As you would expect, the focus is on maths, a topic that really benefits from truly interactive learning resources. The first two courses are the key foundation topics of Algebra and Calculus. “In the portal you’ll find a dynamic textbook, lesson plans, widgets, interactive Demonstrations, and more built by Wolfram education experts.” Access is currently via a free account, although they warn that they may start charging in the future. You need to download and install a free browser plug-in so that you can view the interactive CDF Computable Document Format pages.

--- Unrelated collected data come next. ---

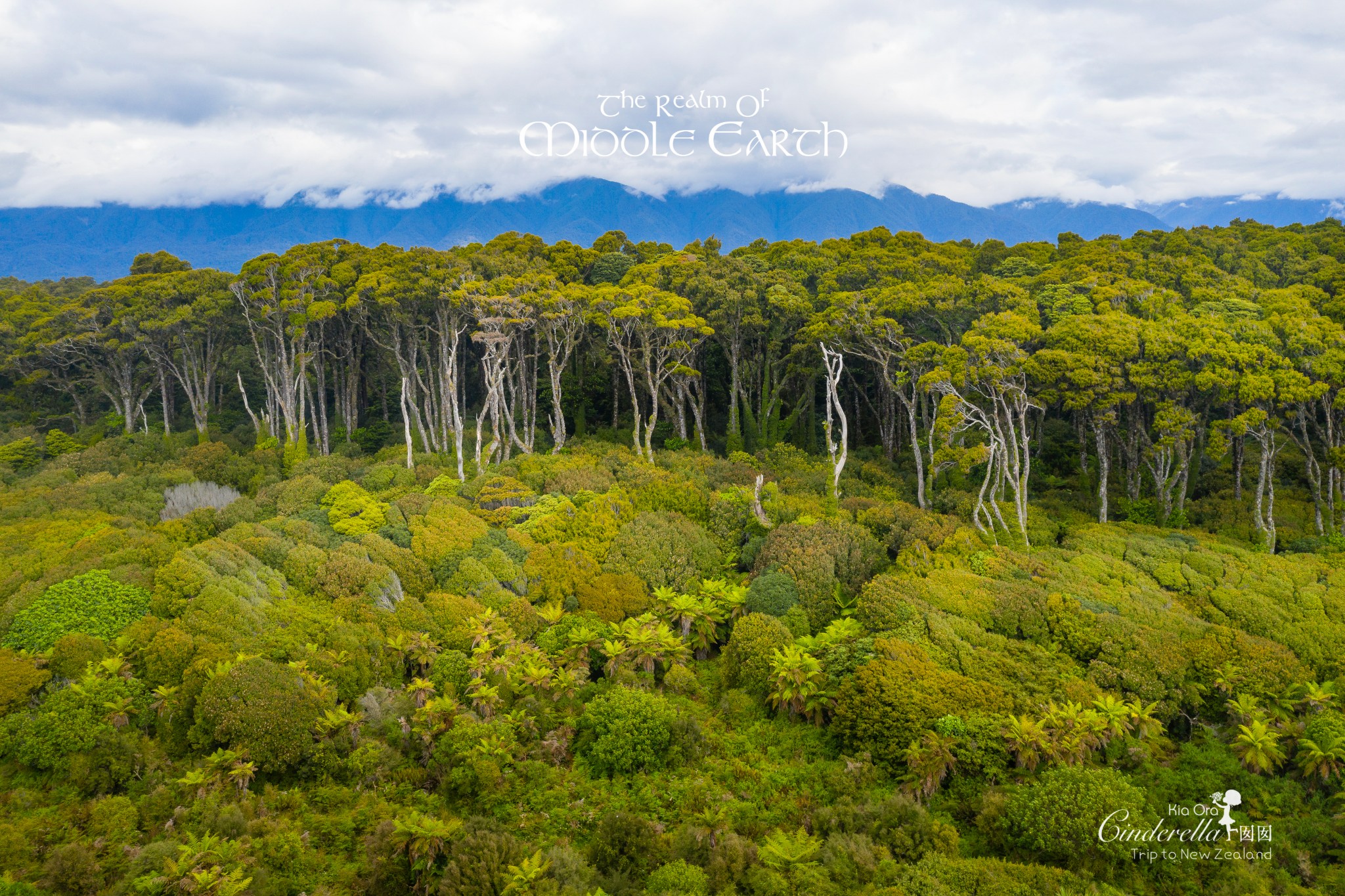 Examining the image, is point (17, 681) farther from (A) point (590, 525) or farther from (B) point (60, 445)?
(B) point (60, 445)

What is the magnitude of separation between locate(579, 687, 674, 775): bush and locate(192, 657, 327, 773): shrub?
15.0ft

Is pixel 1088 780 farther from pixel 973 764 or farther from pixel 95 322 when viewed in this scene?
pixel 95 322

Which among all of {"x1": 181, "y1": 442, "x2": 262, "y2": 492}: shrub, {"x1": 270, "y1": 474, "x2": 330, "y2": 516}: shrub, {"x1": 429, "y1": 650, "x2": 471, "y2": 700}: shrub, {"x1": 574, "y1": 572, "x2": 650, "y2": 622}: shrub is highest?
{"x1": 181, "y1": 442, "x2": 262, "y2": 492}: shrub

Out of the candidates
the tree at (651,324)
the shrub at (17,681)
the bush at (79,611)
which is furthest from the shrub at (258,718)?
the tree at (651,324)

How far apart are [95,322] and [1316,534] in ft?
165

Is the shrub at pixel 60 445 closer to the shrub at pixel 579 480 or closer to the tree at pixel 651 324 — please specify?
the shrub at pixel 579 480

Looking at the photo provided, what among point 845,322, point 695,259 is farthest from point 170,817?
point 695,259

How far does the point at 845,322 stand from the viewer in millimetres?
25047

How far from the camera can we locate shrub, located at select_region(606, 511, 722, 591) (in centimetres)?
1700

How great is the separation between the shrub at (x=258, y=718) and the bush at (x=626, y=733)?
4.56m

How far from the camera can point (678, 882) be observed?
27.0 ft

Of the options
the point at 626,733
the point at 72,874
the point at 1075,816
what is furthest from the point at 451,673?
the point at 1075,816

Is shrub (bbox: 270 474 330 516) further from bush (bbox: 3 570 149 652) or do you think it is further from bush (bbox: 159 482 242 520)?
bush (bbox: 3 570 149 652)

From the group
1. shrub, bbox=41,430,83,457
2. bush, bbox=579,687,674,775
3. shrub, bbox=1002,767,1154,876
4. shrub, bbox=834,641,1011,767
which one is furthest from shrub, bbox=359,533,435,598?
shrub, bbox=41,430,83,457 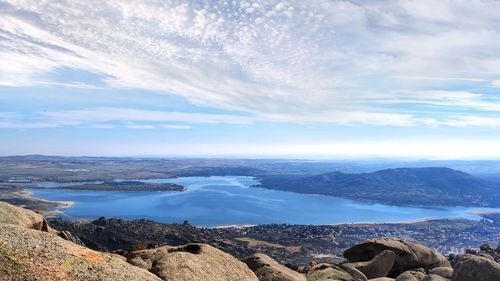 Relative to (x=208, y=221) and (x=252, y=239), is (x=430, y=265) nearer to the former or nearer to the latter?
(x=252, y=239)

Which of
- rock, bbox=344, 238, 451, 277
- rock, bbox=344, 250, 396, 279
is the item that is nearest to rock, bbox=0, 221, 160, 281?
rock, bbox=344, 250, 396, 279

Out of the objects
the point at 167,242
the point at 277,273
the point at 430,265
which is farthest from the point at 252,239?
the point at 277,273

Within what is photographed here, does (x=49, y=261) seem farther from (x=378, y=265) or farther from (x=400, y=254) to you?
(x=400, y=254)

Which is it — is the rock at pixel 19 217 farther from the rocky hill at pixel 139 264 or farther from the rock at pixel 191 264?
the rock at pixel 191 264

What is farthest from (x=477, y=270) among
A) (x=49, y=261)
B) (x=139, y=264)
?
(x=49, y=261)

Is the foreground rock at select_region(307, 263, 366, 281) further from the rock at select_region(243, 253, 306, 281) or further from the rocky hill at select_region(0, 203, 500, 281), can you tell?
the rock at select_region(243, 253, 306, 281)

iBooks are fine if the topic requires words, images, audio/video, animations and MCQ questions but it runs out of steam if you need to calculate, graph or visualise data. That’s where CDF really shines – not as glossy as an iBook, but seriously functional. At the moment you can view and interact with CDF on your desktop (Windows, Mac, Linux) or online (again, desktop browsers only). Their website says that Mobile apps are ‘coming soon’, including an iOS browser. That may well be the case, since they already produce many iOS apps, known as course assistants. It looks like Android users will be out of luck again – no iBooks and no CDFs 😦

Tutors can create their own CDF resources using Mathematica, so the creation of free Open Educational Resources is a possibility. It is interesting to look at the licensing agreement, which in many ways is similar to the one about Apple’s iBooks that has upset so many people. Again, if you want to give away your OER there is no problem, but if you want to sell it, Wolfram would like a slice of the action. Seems perfectly reasonable to me, and is in fact a driver in favour of OERs.

And the resources themselves? Algebra has a comprehensive collection of matching lesson plans and textbook pages, all with plenty of interactive examples, while Calculus is much less formal with 19 demonstrations and 12 problem-solving widgets. There is plenty there of interest to science, maths and engineering students from college to University.